The Immigration Attorneys" Association got legislation through the house and senate a number of years ago targeted at "sexual slavery".
They figured that for whatever reason these "victims" should be allowed to remain in the U.S. under a new category of visa called a "T" visa, t standing for "trafficker."
Of course that legislation will put $money$ in their pockets but they did it for "humanitarian" reasons of course, wink wink, nod, nod.
So now the Russian Mafia and other organisations smuggle in groups of young women usually 10-15 to a group who pay them to get them into the U.S. set them up in apartments made to look like hooker houses and the cops get the "anonymous phonecall."
Funny thing though the "pimps" are *never* caught just "the girls" and it's off to the local immigration office to go to the head of the line to get their "T" visas!
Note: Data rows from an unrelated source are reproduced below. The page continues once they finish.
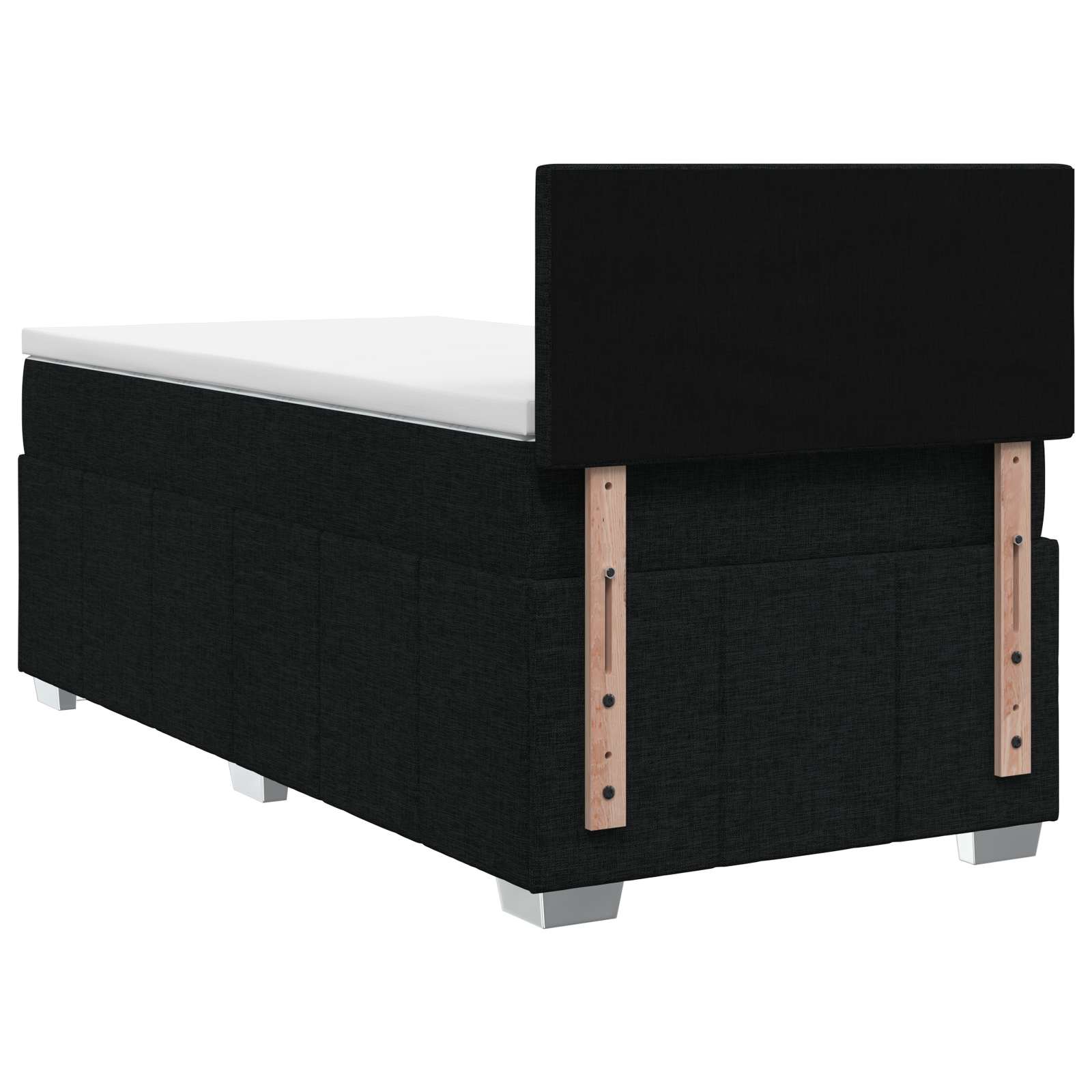 Κρεβάτι box spring με στρώμα Μαύρο 80 x 200 cm Ύφασμα - Pakobazaar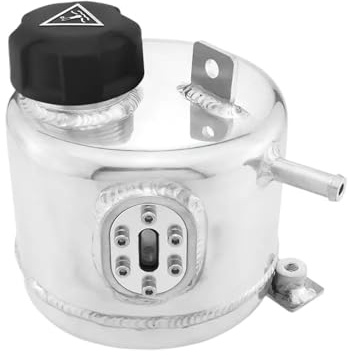 Vase d'expansion liquide Convient Pour Mini Cooper R50 R52 R53 Accessoires Voiture En-tête Liquide Refroidissement Réservoir D'eau Trop-plein D'expansion Et Bouchon Vase D'expansion(Silver)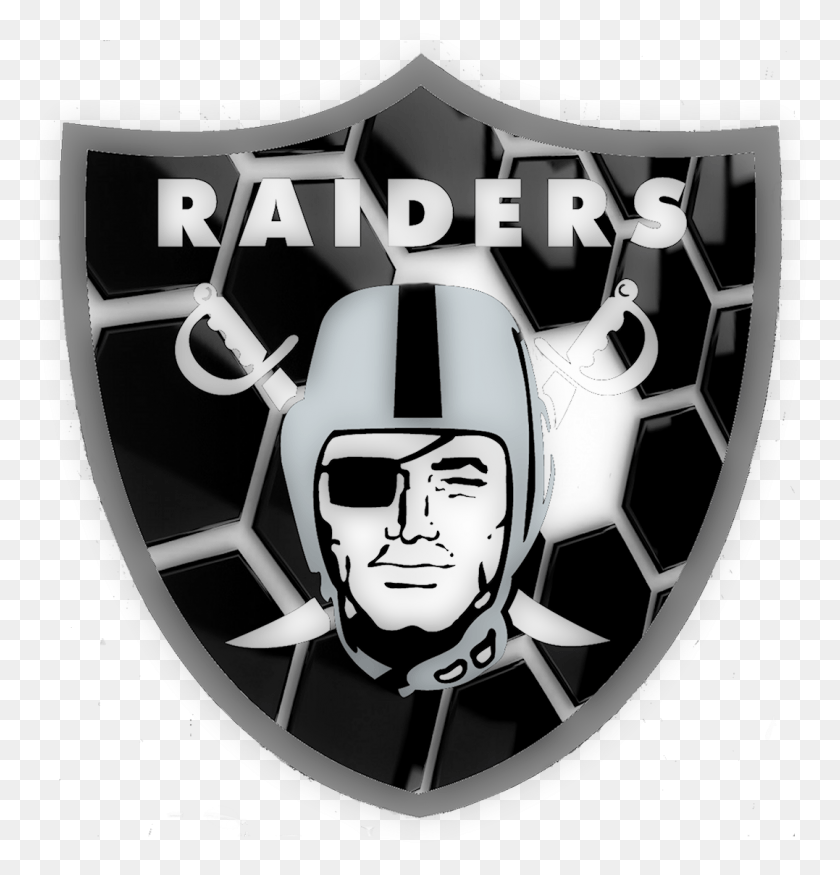 1077x1126 Sio Moore 2018 Oakland Raiders Season 2018 Nfl Season Logo Oakland Raiders, Symbol, Trademark, Emblem HD PNG Download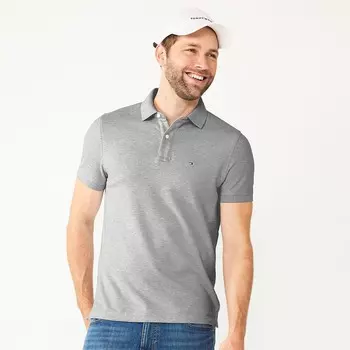 Мужская футболка Tommy Hilfiger Justin Polo, цвет Gray Heather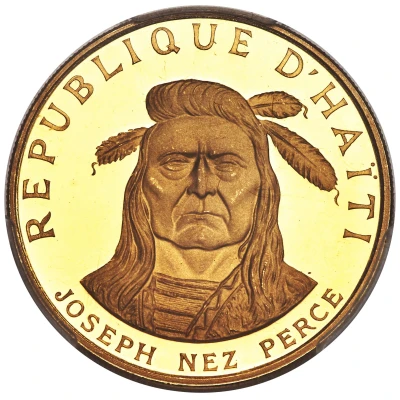 100 Gourdes Joseph Nez Perce front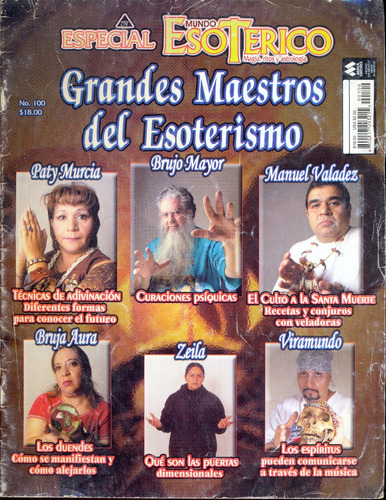 Mundo Esotérico (magia, Ritos Y Astrología) No.100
And they do it over and over again!
Do the math, if you get $15,000 for each "victim" and you transport 15 victims per trip that's a HELL of a lot of money to be made if you do only 4 trips per year!
With the increasing wealth in E.Europe and Russia they could probably charge $25k per victim.
If all you have to do is "say" that you're a "victim" what's stopping them from getting into the country?
That's why this kind of "legislation" doesn't work.
How long do you think it took the Russian Mafia to figure this one out, 4 minutes, 6 minutes?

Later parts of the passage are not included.